Une deuxième raison de s'intéresser au saint-simonisme est que l'idéologie de Saint-Simon s'est développée considérablement sous l'influence de nombreux polytechniciens à partir de la mort de Saint-Simon en 1825. Les ingénieurs polytechniciens ont récupéré ses idées pour forger le concept moderne de réseau à partir de l'idée de circulation des flux dans les années 1840 dans les chemins de fer on l'a vu.. Le saint-simonisme s'est développé dans l'entre-deux guerres à travers le groupe X-crise (après la grande dépression), et aujourd'hui il se développe à nouveau à travers le groupe X-sursaut depuis 2005 à la suite de l'échec du projet de constitution européenne de Valéry Giscard d'Estaing et des nouvelles crises qui se sont ensuivies. Le saint-simonisme reste actif dans certains grands corps techniques de l'Etat comme le corps des Mines (aujourd'hui fusionné avec le corps des Télécoms), le corps des Ponts (aujourd'hui corps des Ponts et des Eaux et Forêts). Il existe une société des études saint-simonienne.
Une troisième raison de s'intéresser au saint-simonisme est le retour de cette idéologie au sommet de l'Etat depuis l'élection d'Emmanuel Macron en 2007. Plusieurs personnalités qui sont elles-mêmes imprégnées d'idéologie le mentionnent, soit pour s'en réjouir (Jacques Julliard) soit pour le critiquer (Frédéric Rouvillois qu'on dit maurassien, source WP).

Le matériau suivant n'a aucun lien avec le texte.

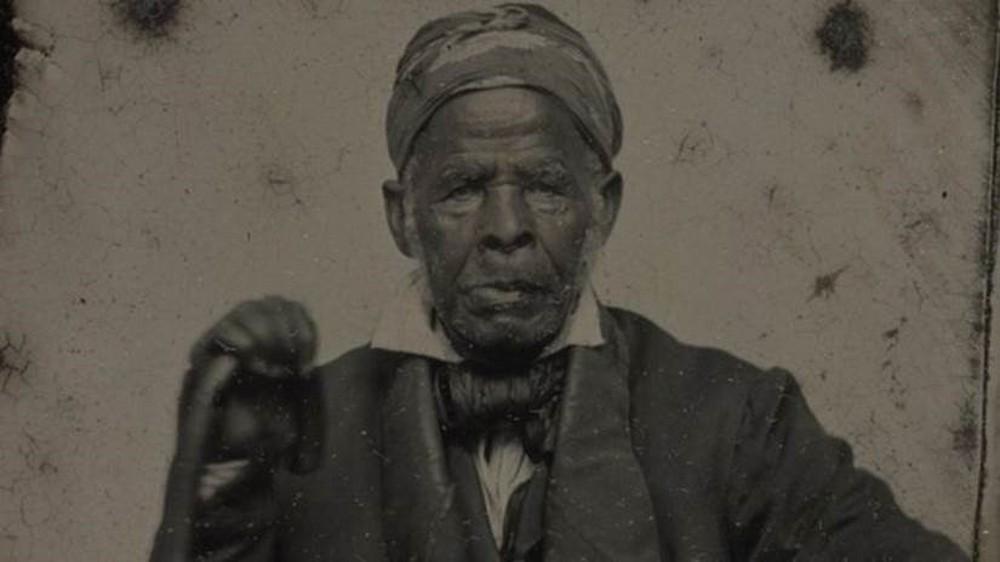 Autobiografia rara em árabe conta história de intelectual muçulmano capturado na África e vendido como escravo nos EUA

Une quatrième raison de s'intéresser au saint-simonisme est l'état actuel de motivation de la jeunesse, qui s'interroge sur les carrières que leurs ainés leur proposent.dans un contexte de crise lancinante et sur fond de dérèglement climatique. Il y a dans le saint-simonisme une réflexion sur trois types de flux qui dominent encore aujourd'hui la société française et même européenne : le savoir, l'argent, la considération. Trois éléments que nous serons amenés à analyser au prisme des valeurs chrétiennes authentiques. En particulier, la considération peut être ce qui motive le plus dans une carrière, quand ce n'est pas l'argent.

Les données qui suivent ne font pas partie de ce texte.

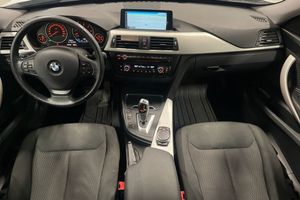 BMW 320 bild 10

Une cinquième raison de s'intéresser au saint-simonisme est que cette idéologie n'est pas particulièrement favorable à l'environnement. On se souviendra par exemple que le journal saint-simonien Le Producteur affichait le but suivant : « Il s'agit de développer et de répandre les principes d'une philosophie nouvelle. Cette philosophie, basée sur une nouvelle conception de la nature humaine, reconnaît que la destination de l'espèce, sur ce globe, est d'exploiter et de modifier à son plus grand avantage la nature extérieure ». (OPG) On ne peut pas compter sur ceux qui ont créé les problèmes pour les résoudre, disait avec humour Albert Eintein.